Valak – o demónio, um anjo caído em desgraça, é expulso do céu por Deus após uma rebelião falhada iniciada em conjunto com Lucífer. Esse cair de graça, do mais alto dos céus para as profundezas do inferno define, em grande parte, a sua aura malévola. Com uma presença constante desde The Conjuring 2, Valak partilha com Malthus (da saga Anabelle) a galeria de vilões deste universo, cada vez mais enriquecida com pormenores e histórias paralelas acabando por elevar os antagonistas a um estatuto que raramente adquirem no cinema de terror. Se no lado do mal a reverência impera, na Igreja há um cuidado em representar fidedignamente todos os termos e objectos religiosos, com uma discussão do mistério da fé, bem patente na personagem da irmã Debra (Storm Reid), consumida pela dúvida de uma fé forçada em criança. Novamente surge Santa Lúcia, patrona dos cegos, como a graça iluminadora que vê para além das aparências e tem a solução do problema em algo imaterial, não visível a olho nu. Encontrar reflexões de fé poderá incomodar (ou mesmo irritar) alguns espectadores mas criar este espaço num filme de grande orçamento é algo digno de ser mencionado.

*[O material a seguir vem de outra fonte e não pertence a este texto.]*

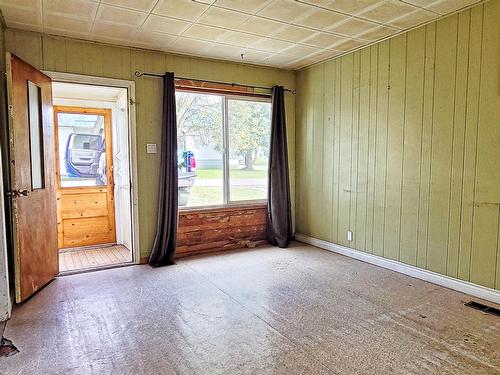 316 8Th Avenue, Castlegar, BC - Indoor Photo Showing Other Room
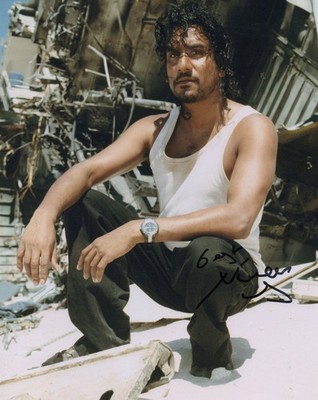 NAVEEN ANDREWS SIGNED LOST PHOTO (2)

Ao colocar o ênfase no lado pessoal da irmã Irene, na sua história familiar e no regresso de Maurice (James Bloquet), ambos do filme original, The Nun II consegue envolver o espectador e elevar o terror para além do susto fácil. O horror é tão mais real quando nos preocupamos com os heróis da narrativa. As estreantes Katelyn Rose Downey e Anna Popplewell como Sophie e Kate, respectivamente, aumentam a parada a nível emocional com uma interpretação sólida ao passo que Storm Reid, como irmã Debra, é subaproveitada. Há promessas de discussão de igualdade de género e racial, no sul segregado dos E.U.A, ainda hoje tão relevantes, e uma ênfase no dogma de fé, mas todos estes temas acabam por cair perante a avalanche de sequências de acção (uma clara prioridade) deixando um claro amargo de boca. Contrariamente ao esperado não desperdiça todos os melhores momentos no trailer e consegue surpreender por vezes, algo cada vez menos comum no terror “made in Hollywood”. Consegue-o com um inteligente uso de flashbacks; um bom trabalho sonoro e uma fotografia a desafiar as expectativas do espectador. Quando a vila francesa é o pano de fundo da narrativa parecemos transportados para o passado com o uso de tons de sépia, a dar um look vintage inesperado e a relembrar a influência do expressionismo alemão como percursora do filme de terror. Os jumpscares, imagem de marca da saga, são bons e recomendam-se mesmo para quem não é grande fã deste modo de aterrorizar o espectador. No campo da criação de atmosfera continua a não acertar de todo e as situações de horror sucedem-se individualizadas (algumas com relativo sucesso) mas nunca parte de um todo consistente.
Longe de ser memorável ou de quebrar a tradição do terror, criado por James Wan, este The Nun II consegue, no entanto, superar o filme original. Tudo fruto de uma aposta no envolvimento emocional do espectador nas suas personagens e no desafiar das expectativas vigentes neste universo de terror. Temos vislumbres ocasionais do paraíso do terror imaginado por Wan mas o caminho no purgatório de Hollywood parece ainda longo.